Short descriptive text snippets

⟨

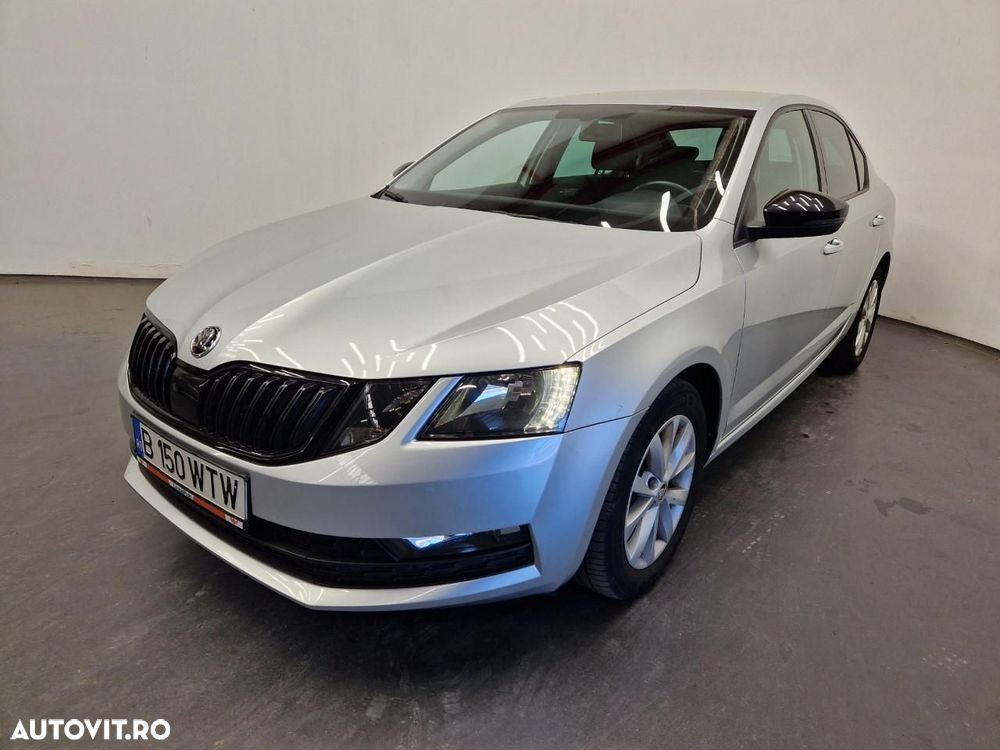 Skoda Octavia - 2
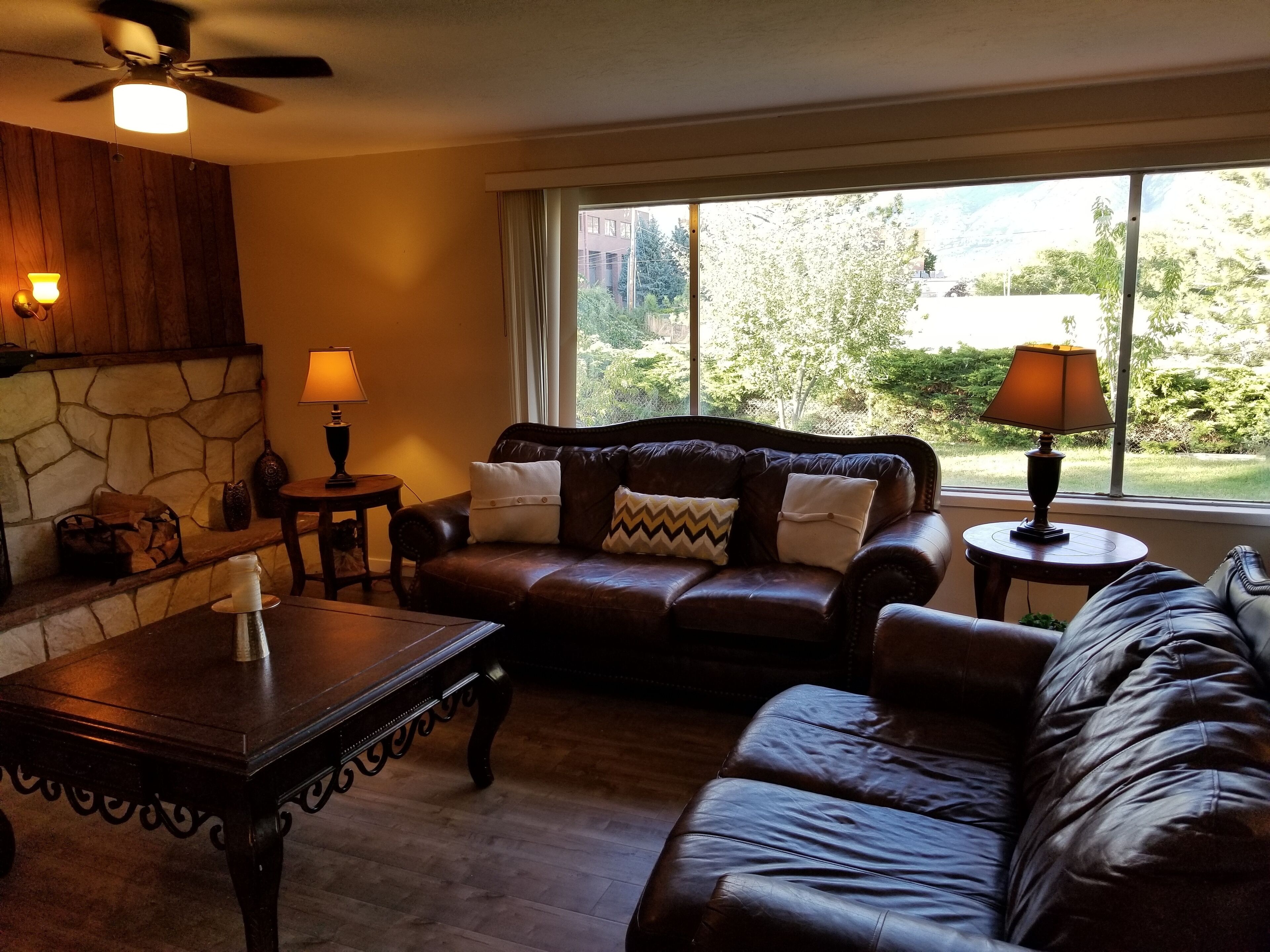 Home in the Heart of Orem/Provo-5 Bedrooms 2 Bath (Edit listing) Orem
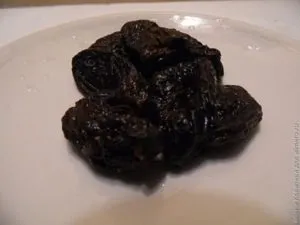 Картопля тушкована з чорносливом (картопля) Картопля тушкована з чорносливом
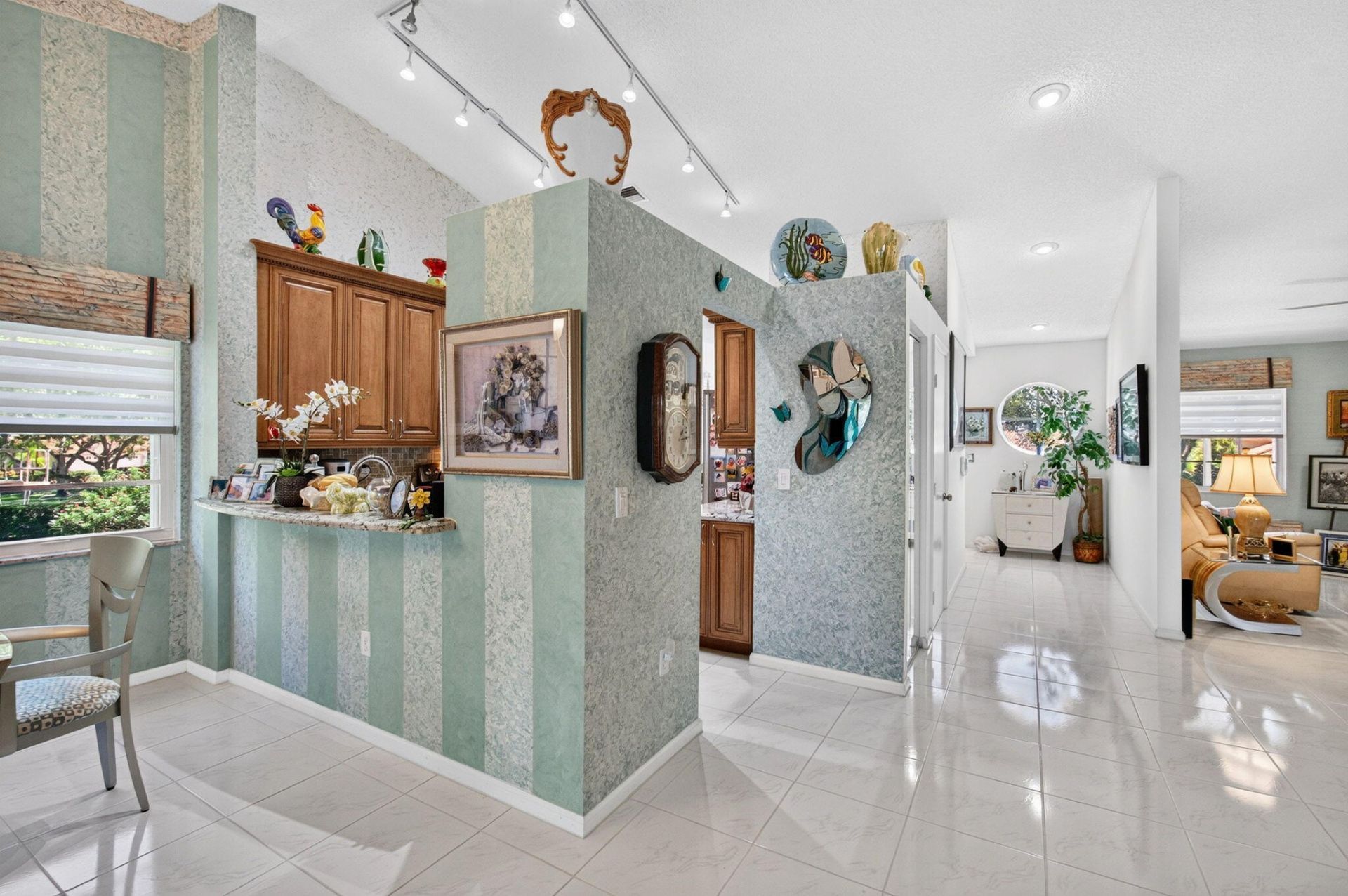9865 Seacrest Circle, Unit 202, Boynton Beach, FL 33437 Photo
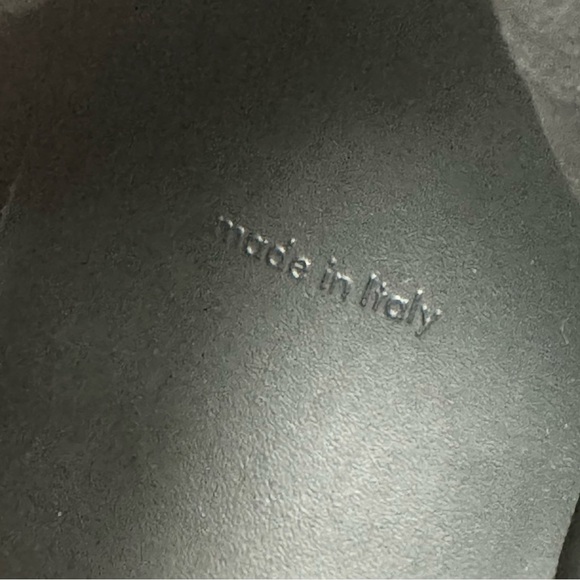 💗💙🤍Louis Vuitton Archlight Sneaker Size 38/ US 8💗💙🤍 - Picture 10 of 14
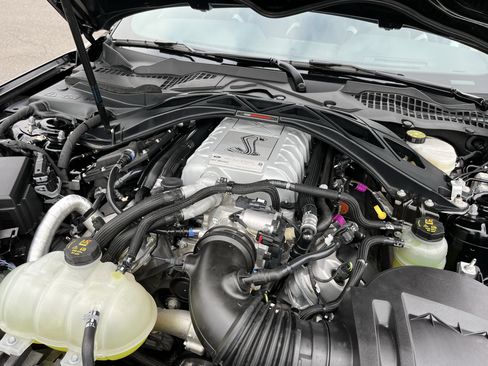 Used 2022 Ford Mustang Shelby GT500 w/ Technology Package RWD image 9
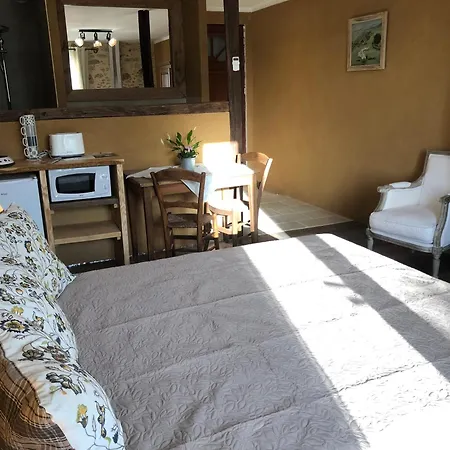 Des Ecuries De Saint Maurice *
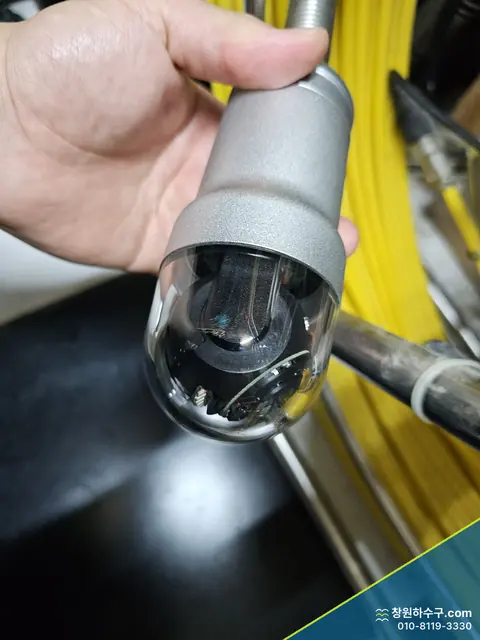 배관 내시경 카메라 헤드 근접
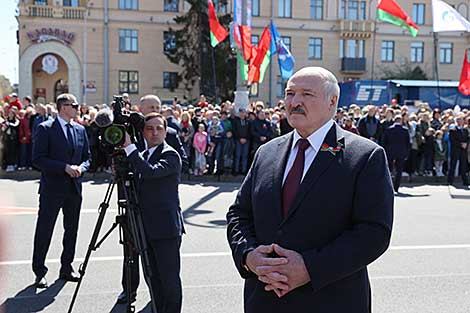 Лукашенко: санкции нас закаляют, мы выдержим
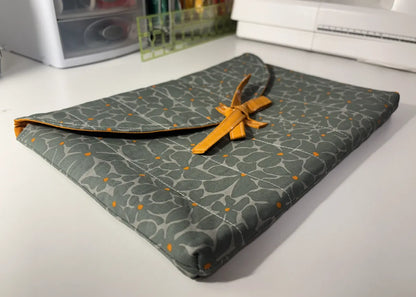 Quilted Laptop Case with Tie Close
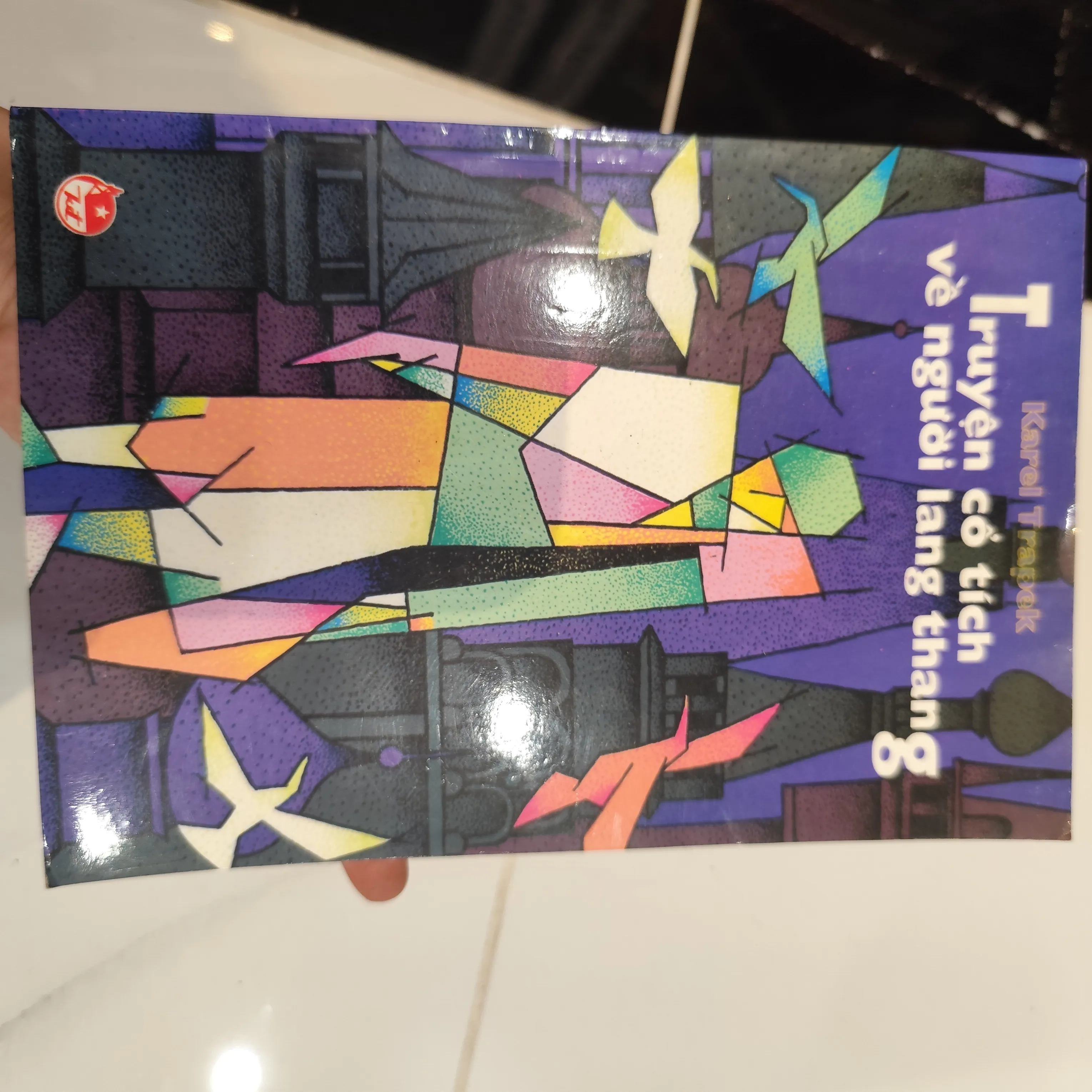 Truyện cổ tích về người lang thang by  - Sách Book Cover - Ngọc Hiển Books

⟩

**Your assignment**
With the pictures omitted, restate word for word the lines above from the line that has "Картопля тушкована з чорносливом (картопля)" up to and including the line that has "Used 2022 Ford", and no other lines.

**Task output**
 Картопля тушкована з чорносливом (картопля) Картопля тушкована з чорносливом
9865 Seacrest Circle, Unit 202, Boynton Beach, FL 33437 Photo
 💗💙🤍Louis Vuitton Archlight Sneaker Size 38/ US 8💗💙🤍 - Picture 10 of 14
 Used 2022 Ford Mustang Shelby GT500 w/ Technology Package RWD image 9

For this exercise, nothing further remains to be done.